**TASK PROMPT:**
Only the lines from the one containing "Carmina Hotel" to the end of the data should be copied, exactly and without pictures.

**THE INPUT:**
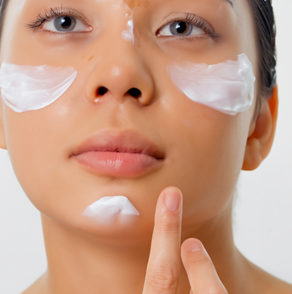 Beat the Summer Heat and Keep Your Face Moisturized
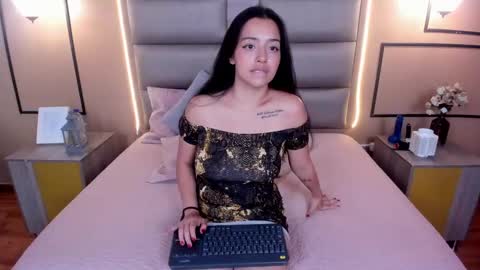 Snapshot of caylincollins chatting on 01/31/25, 10:42 caylincollins online show from 01/31/25, 10:42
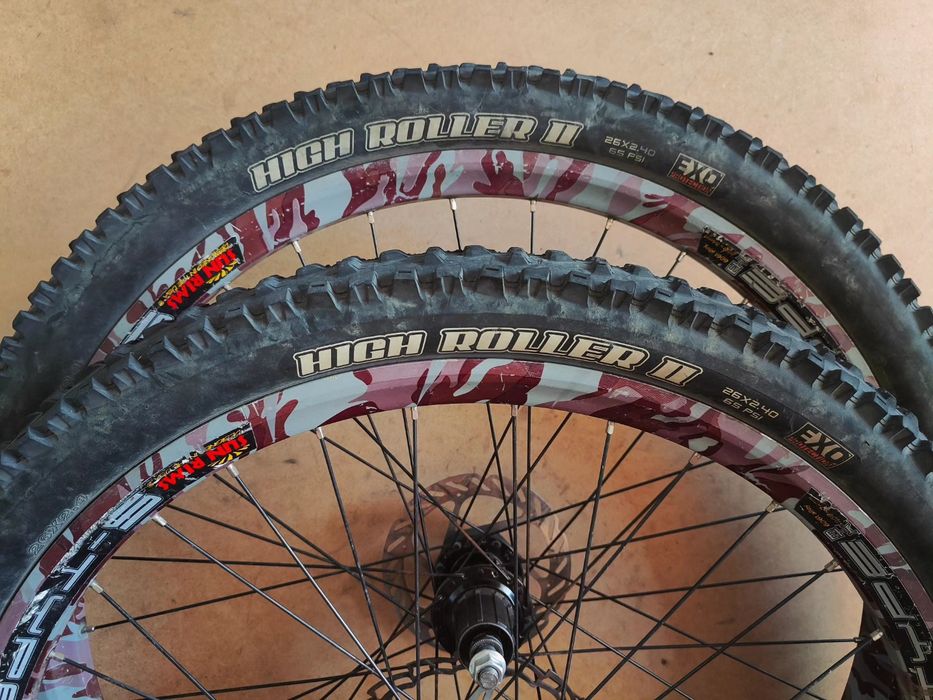 Sun Ringle MTX/S-Type/ Novatec / Maxxis Minion 2,40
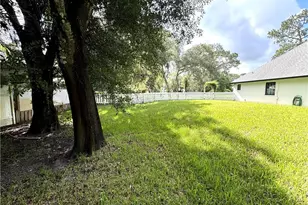 1090 Woods Dr, Labelle, FL 33935 - Photo 17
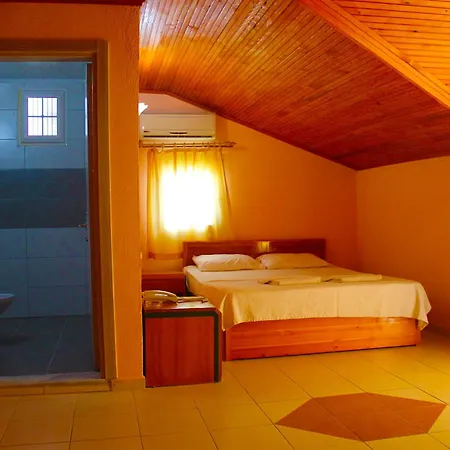 Carmina Hotel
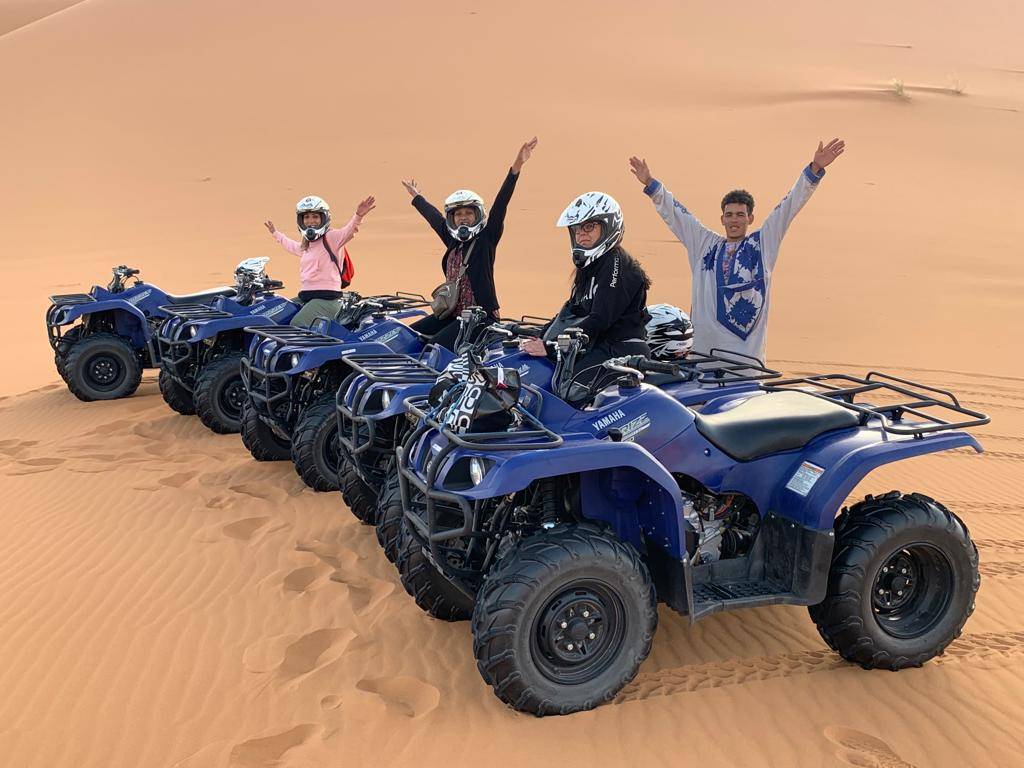 Quad dans le désert d'agafay a Marrakech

**EXERCISE OUTPUT:**
 Carmina Hotel
 Quad dans le désert d'agafay a Marrakech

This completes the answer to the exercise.